- [COLLECTED MATERIAL]:

-------

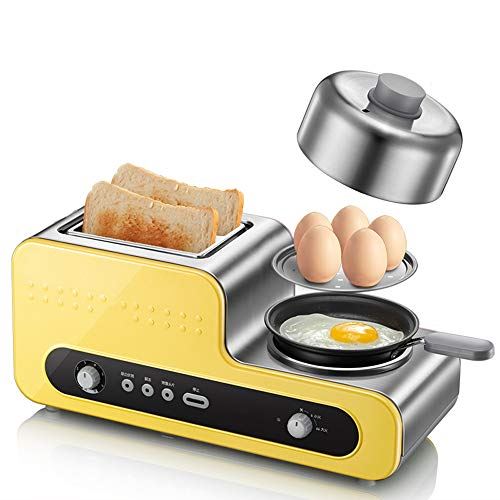 Family Breakfast Station 2-in-1Toaster Oven Griddle Non-Stick Electric Multifunctional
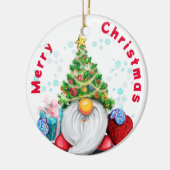 かわいい格言クリスマスオーナメント セラミックオーナメント (左)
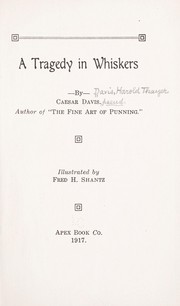 Cover of: A tragedy in whiskers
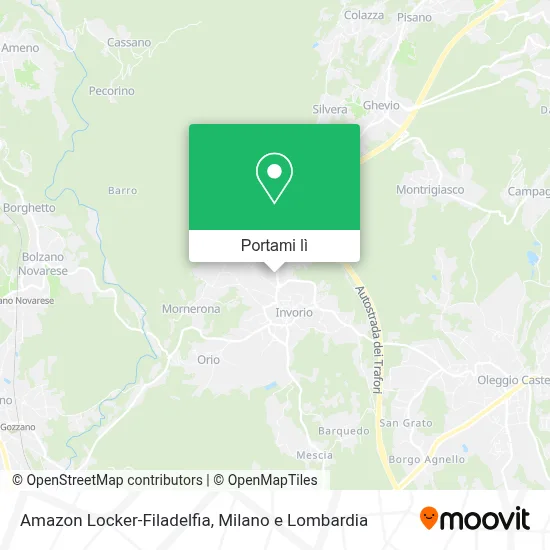 Mappa Amazon Locker-Filadelfia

-------

- [TO DO]:
No pictures go in the copy. Set down all the data exactly.

- [YOUR SOLUTION]:
 Family Breakfast Station 2-in-1Toaster Oven Griddle Non-Stick Electric Multifunctional
 かわいい格言クリスマスオーナメント セラミックオーナメント (左)
 Cover of: A tragedy in whiskers
 Mappa Amazon Locker-Filadelfia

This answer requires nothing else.